Recent advances in crosstalk simulation using integer-order memristive synapses have shown considerable progress. However, most existing models still employ a single-memristor structure, which constrains synaptic weight modulation and makes it difficult to represent both excitatory and inhibitory synaptic connections in a unified manner. These models also often fail to capture the memory effects and nonlocal dynamic properties inherent in biological neurons. To address these issues, this study introduces a fractional-order memristive bridge synapse model for crosstalk coupling. By combining Hindmarsh–Rose (HR) and FitzHugh–Nagumo (FN) neurons, we construct an 8D heterogeneous coupled neural network based on fractional calculus—designated as the Fractional-Order Memristive Bridge Crosstalk-Coupled Neural Network (FMBCCNN). A major innovation is the incorporation of a fractional-order memristive bridge structure that mimics synaptic connections in a bridge configuration. This design provides both historical memory characteristics and bidirectional synaptic weight regulation, overcoming limitations of traditional coupling forms.
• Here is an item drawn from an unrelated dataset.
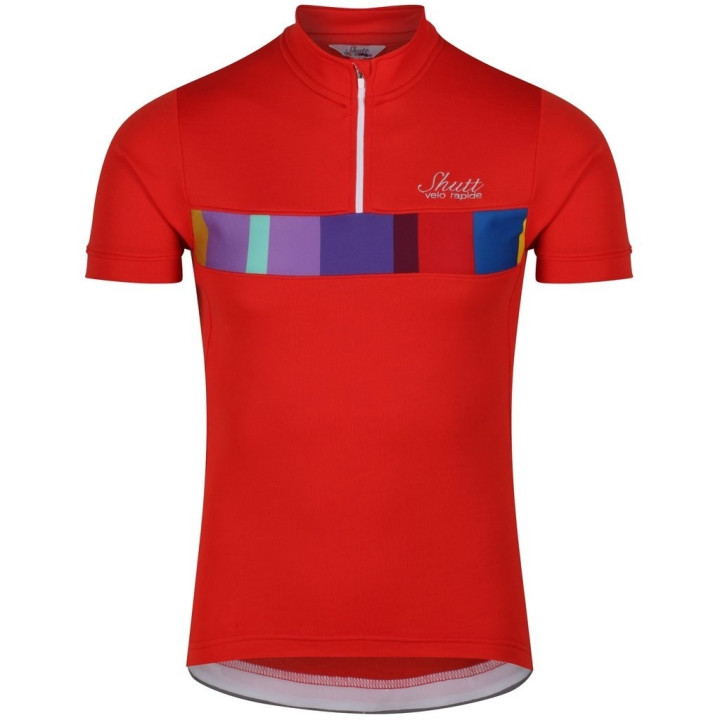 Maillot de ciclismo corto Shutt: comodidad y frescura para tus rutas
Using dynamical analysis tools such as phase portraits, bifurcation diagrams, and Lyapunov exponents, we systematically investigate how synaptic and crosstalk strengths influence system behavior under conventional fractional-order conditions. The results reveal diverse dynamical behaviors, including attractor coexistence, forward and reverse period-doubling bifurcations, and chaotic crises. Further analysis under the more generalized condition of non-uniform fractional orders shows that, compared with the conventional case, the system maintains continuous periodic motion over broader parameter ranges and exhibits clear parameter hysteresis. Although local dynamic patterns remain similar, the corresponding parameter intervals are substantially widened. In addition, the system displays more concentrated and marked alternation between periodic and chaotic behaviors. We also simulate the effect of varying the fractional-order derivative, offering a more general mathematical characterization of neuronal firing activity.
Finally, the chaotic sequences generated by the system are applied to an image encryption algorithm incorporating bit-plane decomposition and DNA encoding. Security analysis confirms that the encrypted images have pixel correlation coefficients below 0.01 in horizontal, vertical, and diagonal directions, information entropy greater than 7.999, and a key space of 22080. These results verify the excellent encryption performance and reliability of the proposed scheme and the generated sequences.